Materials provided Start Marker

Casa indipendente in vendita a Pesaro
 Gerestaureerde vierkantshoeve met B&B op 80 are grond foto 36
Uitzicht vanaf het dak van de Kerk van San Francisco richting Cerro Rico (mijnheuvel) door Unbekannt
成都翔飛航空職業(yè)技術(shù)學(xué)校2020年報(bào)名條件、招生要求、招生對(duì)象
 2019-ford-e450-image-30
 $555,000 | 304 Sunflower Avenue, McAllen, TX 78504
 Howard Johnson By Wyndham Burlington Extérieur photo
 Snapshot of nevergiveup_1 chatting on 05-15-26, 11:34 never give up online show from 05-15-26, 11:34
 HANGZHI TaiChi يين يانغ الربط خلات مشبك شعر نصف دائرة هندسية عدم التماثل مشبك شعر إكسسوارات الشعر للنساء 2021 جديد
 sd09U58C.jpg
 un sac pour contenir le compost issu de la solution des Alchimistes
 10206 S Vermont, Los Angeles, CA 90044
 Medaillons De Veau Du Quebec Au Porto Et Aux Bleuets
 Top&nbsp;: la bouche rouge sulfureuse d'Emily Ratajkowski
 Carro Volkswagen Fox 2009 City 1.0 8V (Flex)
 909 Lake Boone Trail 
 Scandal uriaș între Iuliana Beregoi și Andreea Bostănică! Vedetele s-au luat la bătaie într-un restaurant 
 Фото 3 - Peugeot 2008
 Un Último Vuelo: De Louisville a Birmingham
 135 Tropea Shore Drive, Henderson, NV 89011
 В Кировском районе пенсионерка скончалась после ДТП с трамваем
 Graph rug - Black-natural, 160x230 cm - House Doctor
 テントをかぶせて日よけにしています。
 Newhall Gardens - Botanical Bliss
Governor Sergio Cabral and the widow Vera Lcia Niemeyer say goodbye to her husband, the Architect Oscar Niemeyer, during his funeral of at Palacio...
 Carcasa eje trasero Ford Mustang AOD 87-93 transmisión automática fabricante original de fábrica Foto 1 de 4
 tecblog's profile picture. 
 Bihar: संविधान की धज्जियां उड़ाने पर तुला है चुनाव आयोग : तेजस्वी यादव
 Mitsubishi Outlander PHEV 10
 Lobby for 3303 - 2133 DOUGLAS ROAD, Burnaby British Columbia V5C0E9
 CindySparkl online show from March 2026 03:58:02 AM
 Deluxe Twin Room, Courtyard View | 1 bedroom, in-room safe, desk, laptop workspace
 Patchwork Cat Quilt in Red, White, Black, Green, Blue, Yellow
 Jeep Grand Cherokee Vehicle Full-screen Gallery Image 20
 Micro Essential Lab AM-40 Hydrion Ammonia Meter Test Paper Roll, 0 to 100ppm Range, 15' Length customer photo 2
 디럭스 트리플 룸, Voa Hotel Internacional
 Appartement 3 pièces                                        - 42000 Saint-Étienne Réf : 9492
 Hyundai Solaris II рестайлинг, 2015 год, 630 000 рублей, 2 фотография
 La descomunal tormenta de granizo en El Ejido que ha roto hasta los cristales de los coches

Materials provided End Marker

◆ Problem description ◆
All that belongs in the answer is the run of lines above from the line containing "2019-ford-e450-image-30" through the line containing "CindySparkl online show", exactly as written.

◆ Reply to the exercise ◆
 2019-ford-e450-image-30
 $555,000 | 304 Sunflower Avenue, McAllen, TX 78504
 Howard Johnson By Wyndham Burlington Extérieur photo
 Snapshot of nevergiveup_1 chatting on 05-15-26, 11:34 never give up online show from 05-15-26, 11:34
 HANGZHI TaiChi يين يانغ الربط خلات مشبك شعر نصف دائرة هندسية عدم التماثل مشبك شعر إكسسوارات الشعر للنساء 2021 جديد
 sd09U58C.jpg
 un sac pour contenir le compost issu de la solution des Alchimistes
 10206 S Vermont, Los Angeles, CA 90044
 Medaillons De Veau Du Quebec Au Porto Et Aux Bleuets
 Top&nbsp;: la bouche rouge sulfureuse d'Emily Ratajkowski
 Carro Volkswagen Fox 2009 City 1.0 8V (Flex)
 909 Lake Boone Trail 
 Scandal uriaș între Iuliana Beregoi și Andreea Bostănică! Vedetele s-au luat la bătaie într-un restaurant 
 Фото 3 - Peugeot 2008
 Un Último Vuelo: De Louisville a Birmingham
 135 Tropea Shore Drive, Henderson, NV 89011
 В Кировском районе пенсионерка скончалась после ДТП с трамваем
 Graph rug - Black-natural, 160x230 cm - House Doctor
 テントをかぶせて日よけにしています。
 Newhall Gardens - Botanical Bliss
Governor Sergio Cabral and the widow Vera Lcia Niemeyer say goodbye to her husband, the Architect Oscar Niemeyer, during his funeral of at Palacio...
 Carcasa eje trasero Ford Mustang AOD 87-93 transmisión automática fabricante original de fábrica Foto 1 de 4
 tecblog's profile picture. 
 Bihar: संविधान की धज्जियां उड़ाने पर तुला है चुनाव आयोग : तेजस्वी यादव
 Mitsubishi Outlander PHEV 10
 Lobby for 3303 - 2133 DOUGLAS ROAD, Burnaby British Columbia V5C0E9
 CindySparkl online show from March 2026 03:58:02 AM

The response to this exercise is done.